Oh there is something good that comes out of this hobby. Well for me at least since I take this in moderation.
This hobby has helped me many many times in various instances through out these years when I was active and needed a jolt back to reality. One of the most important cure to my biggest personal predicament, ONEITIS. I have to admit at certain times I am my own biggest/worst enemy when I emotionally trap myself due that one girl. Worst of it all I see this as some grand honorable gesture which really is a form of self induced torture. It is not the girl that I am interested in and I can never blame her. I am to blame and take full responsibility where there are times I don't fall the girl per se but what I imagine her to be. Most annoying shit ever and I really hate it when it happens which in most instances out of the damn blue. This is what makes this so annoying.

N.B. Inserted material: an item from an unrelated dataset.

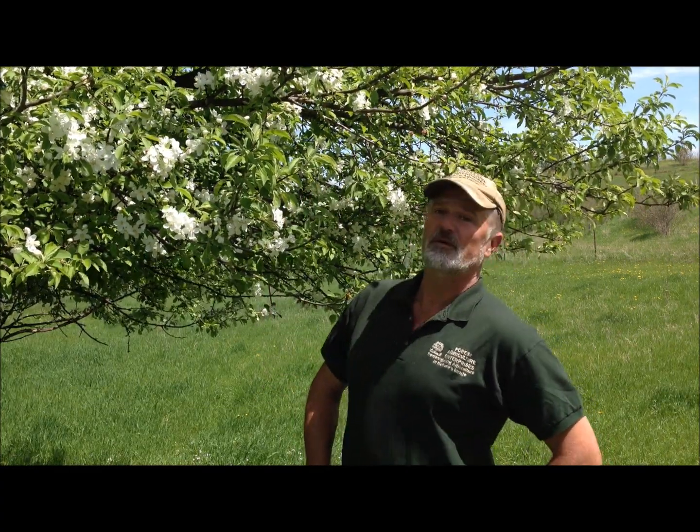We're standing by an apple tree in bloom, and in the 15 or so minutes that we've been here, this tree is abuzz with bees. I've seen one honeybee — they're in the minority.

Seeing an SP or a few remedy my own personal trappings. Then I stop to put whatever girl I am interested in at the time onto some pedestal. When this shit dies down I can channel this crazy emotion and turn this into something productive where I can go and create something.
Do I get the girl? Sometimes. In many instances she is an absolute letdown once I get to truly know her. Even if she is a great girl because of how my mind put her in some imaginary pedestal and she doesn't meet what my mind set her to be. That is also why it is better when I meet a great civilian girl when I am in the hobby. I don't have this Oneitis non-sense plaguing my psyche.
This hobby helped me develop an emotional and mental teflon. Once I realized I have options I stop stabbing myself emotionally and keep things rational where I can become pragmatic once again.
How to stop? By looking at my bank account lol. And/or when I get the civie girl. This hobby is not an addiction but more of a tool to deal with my critical flaws.